(Stored items)
BEGIN

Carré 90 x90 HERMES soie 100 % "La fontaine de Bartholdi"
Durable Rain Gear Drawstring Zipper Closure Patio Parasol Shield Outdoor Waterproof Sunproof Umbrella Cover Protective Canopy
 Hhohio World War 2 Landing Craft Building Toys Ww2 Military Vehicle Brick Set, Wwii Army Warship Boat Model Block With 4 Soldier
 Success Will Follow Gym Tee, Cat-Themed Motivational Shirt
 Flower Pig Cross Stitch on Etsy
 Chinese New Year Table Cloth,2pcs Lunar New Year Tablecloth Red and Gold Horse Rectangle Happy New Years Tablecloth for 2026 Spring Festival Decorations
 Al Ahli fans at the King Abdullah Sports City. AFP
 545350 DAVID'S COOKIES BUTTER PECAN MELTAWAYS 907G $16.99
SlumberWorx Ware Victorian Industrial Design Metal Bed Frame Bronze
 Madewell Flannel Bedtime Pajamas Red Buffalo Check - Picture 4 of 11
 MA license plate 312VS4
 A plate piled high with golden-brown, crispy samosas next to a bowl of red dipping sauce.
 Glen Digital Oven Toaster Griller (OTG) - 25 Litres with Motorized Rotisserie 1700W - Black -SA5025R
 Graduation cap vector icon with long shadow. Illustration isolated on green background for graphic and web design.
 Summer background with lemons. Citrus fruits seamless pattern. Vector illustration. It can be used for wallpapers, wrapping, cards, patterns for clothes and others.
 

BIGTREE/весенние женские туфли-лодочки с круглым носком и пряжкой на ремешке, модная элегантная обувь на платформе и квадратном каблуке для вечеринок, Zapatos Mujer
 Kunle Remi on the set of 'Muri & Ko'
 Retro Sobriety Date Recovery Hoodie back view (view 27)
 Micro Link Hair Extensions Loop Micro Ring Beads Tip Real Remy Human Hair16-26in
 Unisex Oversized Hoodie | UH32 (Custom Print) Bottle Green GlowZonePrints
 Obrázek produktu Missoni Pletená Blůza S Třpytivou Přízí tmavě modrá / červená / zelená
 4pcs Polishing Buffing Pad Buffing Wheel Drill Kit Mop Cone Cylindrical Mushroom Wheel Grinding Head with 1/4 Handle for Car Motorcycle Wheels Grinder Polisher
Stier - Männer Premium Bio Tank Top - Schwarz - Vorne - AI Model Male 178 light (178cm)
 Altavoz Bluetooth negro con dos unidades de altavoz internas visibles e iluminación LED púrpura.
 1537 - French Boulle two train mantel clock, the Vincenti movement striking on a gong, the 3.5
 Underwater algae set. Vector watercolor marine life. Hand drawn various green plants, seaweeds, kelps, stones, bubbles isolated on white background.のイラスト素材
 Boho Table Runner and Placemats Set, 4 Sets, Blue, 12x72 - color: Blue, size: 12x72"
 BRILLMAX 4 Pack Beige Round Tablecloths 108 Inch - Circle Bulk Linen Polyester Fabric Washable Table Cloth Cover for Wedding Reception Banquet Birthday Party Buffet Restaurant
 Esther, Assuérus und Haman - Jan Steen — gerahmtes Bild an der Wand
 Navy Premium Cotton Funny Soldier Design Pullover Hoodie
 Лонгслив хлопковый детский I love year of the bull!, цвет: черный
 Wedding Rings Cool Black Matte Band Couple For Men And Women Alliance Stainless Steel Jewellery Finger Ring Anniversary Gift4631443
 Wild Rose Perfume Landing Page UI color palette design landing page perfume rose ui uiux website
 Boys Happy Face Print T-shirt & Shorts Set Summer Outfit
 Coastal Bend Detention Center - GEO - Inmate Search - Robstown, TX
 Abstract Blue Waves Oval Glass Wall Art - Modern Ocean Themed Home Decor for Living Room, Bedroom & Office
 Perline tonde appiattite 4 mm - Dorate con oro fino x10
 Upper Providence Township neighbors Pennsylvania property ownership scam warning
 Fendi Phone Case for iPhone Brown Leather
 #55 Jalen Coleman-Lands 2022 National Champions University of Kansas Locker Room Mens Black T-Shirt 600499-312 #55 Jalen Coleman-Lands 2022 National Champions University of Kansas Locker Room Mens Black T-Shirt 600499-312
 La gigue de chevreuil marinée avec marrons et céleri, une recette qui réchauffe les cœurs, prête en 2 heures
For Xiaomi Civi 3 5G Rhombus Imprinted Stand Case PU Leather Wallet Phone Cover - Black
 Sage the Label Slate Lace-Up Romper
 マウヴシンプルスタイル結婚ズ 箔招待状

END

### Problem
Gather from the data above every line with the string "Black".

### Result of the exercise
 Glen Digital Oven Toaster Griller (OTG) - 25 Litres with Motorized Rotisserie 1700W - Black -SA5025R
 Wedding Rings Cool Black Matte Band Couple For Men And Women Alliance Stainless Steel Jewellery Finger Ring Anniversary Gift4631443
 #55 Jalen Coleman-Lands 2022 National Champions University of Kansas Locker Room Mens Black T-Shirt 600499-312 #55 Jalen Coleman-Lands 2022 National Champions University of Kansas Locker Room Mens Black T-Shirt 600499-312
For Xiaomi Civi 3 5G Rhombus Imprinted Stand Case PU Leather Wallet Phone Cover - Black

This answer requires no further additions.